* _What you should do_
Below are entries; copy exactly the lines from the one with "Let's take a" through the one with "Bladder ultrasound is", both included, and leave out the rest.

Start of Block

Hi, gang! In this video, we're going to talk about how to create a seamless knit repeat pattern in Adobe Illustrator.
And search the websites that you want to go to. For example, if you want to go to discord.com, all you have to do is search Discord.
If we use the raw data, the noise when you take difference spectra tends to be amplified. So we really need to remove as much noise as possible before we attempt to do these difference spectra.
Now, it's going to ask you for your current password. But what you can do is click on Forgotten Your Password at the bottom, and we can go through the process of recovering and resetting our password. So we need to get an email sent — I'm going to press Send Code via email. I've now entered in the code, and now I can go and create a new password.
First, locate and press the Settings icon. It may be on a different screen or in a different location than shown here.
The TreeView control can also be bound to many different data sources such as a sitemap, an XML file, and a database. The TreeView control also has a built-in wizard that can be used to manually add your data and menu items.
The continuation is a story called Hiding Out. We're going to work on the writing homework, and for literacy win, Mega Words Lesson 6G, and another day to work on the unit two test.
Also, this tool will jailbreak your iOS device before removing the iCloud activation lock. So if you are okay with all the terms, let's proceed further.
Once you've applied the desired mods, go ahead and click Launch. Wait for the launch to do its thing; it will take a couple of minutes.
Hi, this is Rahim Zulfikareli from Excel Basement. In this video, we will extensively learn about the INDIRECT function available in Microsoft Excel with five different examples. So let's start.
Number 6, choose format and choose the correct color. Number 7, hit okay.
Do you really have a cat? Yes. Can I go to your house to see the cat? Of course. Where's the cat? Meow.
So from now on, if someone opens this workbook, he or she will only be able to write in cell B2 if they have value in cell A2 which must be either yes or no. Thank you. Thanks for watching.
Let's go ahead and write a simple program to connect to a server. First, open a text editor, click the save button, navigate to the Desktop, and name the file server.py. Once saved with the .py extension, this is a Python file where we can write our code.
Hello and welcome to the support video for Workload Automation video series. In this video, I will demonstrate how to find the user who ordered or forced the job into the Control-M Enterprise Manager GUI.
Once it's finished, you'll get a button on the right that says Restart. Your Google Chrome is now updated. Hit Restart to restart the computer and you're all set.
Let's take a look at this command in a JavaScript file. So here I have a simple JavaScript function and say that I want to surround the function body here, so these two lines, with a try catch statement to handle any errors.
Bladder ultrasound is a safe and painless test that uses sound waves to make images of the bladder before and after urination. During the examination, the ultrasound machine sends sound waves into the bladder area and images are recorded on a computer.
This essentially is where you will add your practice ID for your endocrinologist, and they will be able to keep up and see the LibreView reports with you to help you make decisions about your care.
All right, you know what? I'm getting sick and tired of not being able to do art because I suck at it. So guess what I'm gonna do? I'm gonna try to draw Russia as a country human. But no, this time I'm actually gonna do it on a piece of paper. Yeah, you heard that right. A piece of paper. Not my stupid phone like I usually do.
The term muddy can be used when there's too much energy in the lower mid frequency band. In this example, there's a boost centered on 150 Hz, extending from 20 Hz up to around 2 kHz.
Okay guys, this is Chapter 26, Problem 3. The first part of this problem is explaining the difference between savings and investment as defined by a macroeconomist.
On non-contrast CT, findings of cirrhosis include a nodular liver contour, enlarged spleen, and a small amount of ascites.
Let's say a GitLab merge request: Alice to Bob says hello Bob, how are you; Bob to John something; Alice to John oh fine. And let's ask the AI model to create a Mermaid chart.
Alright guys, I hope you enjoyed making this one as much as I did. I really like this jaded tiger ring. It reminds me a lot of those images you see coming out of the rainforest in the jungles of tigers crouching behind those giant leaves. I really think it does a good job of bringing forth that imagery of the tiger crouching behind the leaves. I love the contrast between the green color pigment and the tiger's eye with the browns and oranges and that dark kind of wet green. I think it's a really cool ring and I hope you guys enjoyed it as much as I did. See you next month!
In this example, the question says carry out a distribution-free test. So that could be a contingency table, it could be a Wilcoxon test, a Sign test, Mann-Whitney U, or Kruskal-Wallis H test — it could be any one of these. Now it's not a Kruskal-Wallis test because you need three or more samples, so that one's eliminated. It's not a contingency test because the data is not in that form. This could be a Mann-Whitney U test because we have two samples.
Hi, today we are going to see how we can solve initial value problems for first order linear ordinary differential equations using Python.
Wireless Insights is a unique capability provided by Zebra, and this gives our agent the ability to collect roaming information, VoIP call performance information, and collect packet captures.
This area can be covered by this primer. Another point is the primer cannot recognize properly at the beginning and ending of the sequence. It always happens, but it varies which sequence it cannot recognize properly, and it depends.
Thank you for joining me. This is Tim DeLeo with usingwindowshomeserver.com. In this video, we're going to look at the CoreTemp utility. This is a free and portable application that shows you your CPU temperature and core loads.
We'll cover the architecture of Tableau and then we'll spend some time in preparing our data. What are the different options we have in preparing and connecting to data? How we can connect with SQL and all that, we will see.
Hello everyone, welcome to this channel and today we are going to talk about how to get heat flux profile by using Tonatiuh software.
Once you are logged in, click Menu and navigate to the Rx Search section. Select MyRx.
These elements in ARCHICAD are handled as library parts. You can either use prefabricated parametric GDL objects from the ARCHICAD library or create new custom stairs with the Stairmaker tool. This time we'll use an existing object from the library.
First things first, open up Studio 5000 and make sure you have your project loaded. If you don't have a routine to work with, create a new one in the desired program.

End of Block

* _Worked solution_
Let's take a look at this command in a JavaScript file. So here I have a simple JavaScript function and say that I want to surround the function body here, so these two lines, with a try catch statement to handle any errors.
Bladder ultrasound is a safe and painless test that uses sound waves to make images of the bladder before and after urination. During the examination, the ultrasound machine sends sound waves into the bladder area and images are recorded on a computer.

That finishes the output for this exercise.